_WHAT TO PRODUCE_
Take from the records below each line that holds "wearing".

GIVEN RECORDS Start Marker

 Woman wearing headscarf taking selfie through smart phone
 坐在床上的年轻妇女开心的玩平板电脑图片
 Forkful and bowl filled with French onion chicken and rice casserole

GIVEN RECORDS End Marker
GIVEN RECORDS Start Marker

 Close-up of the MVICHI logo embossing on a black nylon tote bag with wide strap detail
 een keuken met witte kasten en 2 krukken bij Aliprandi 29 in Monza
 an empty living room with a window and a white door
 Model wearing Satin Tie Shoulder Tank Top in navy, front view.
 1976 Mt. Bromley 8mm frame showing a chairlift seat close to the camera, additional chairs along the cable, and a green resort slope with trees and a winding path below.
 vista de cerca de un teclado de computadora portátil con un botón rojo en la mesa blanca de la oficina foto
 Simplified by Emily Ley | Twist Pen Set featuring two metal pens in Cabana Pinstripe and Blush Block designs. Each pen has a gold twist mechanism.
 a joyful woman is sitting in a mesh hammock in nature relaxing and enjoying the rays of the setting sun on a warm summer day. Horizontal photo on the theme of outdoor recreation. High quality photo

GIVEN RECORDS End Marker
GIVEN RECORDS Start Marker

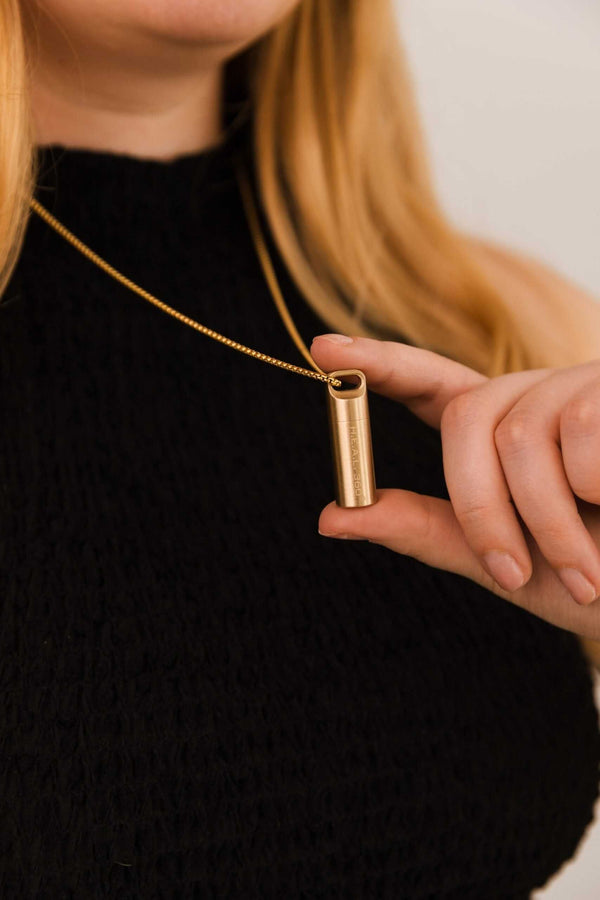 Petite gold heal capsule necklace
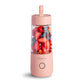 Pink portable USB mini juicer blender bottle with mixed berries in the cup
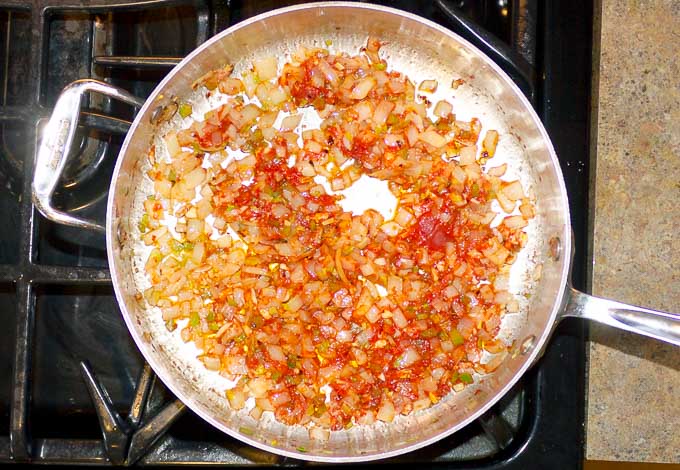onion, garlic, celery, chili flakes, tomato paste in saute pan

GIVEN RECORDS End Marker

_OUTPUT BELOW_
 Woman wearing headscarf taking selfie through smart phone
 Model wearing Satin Tie Shoulder Tank Top in navy, front view.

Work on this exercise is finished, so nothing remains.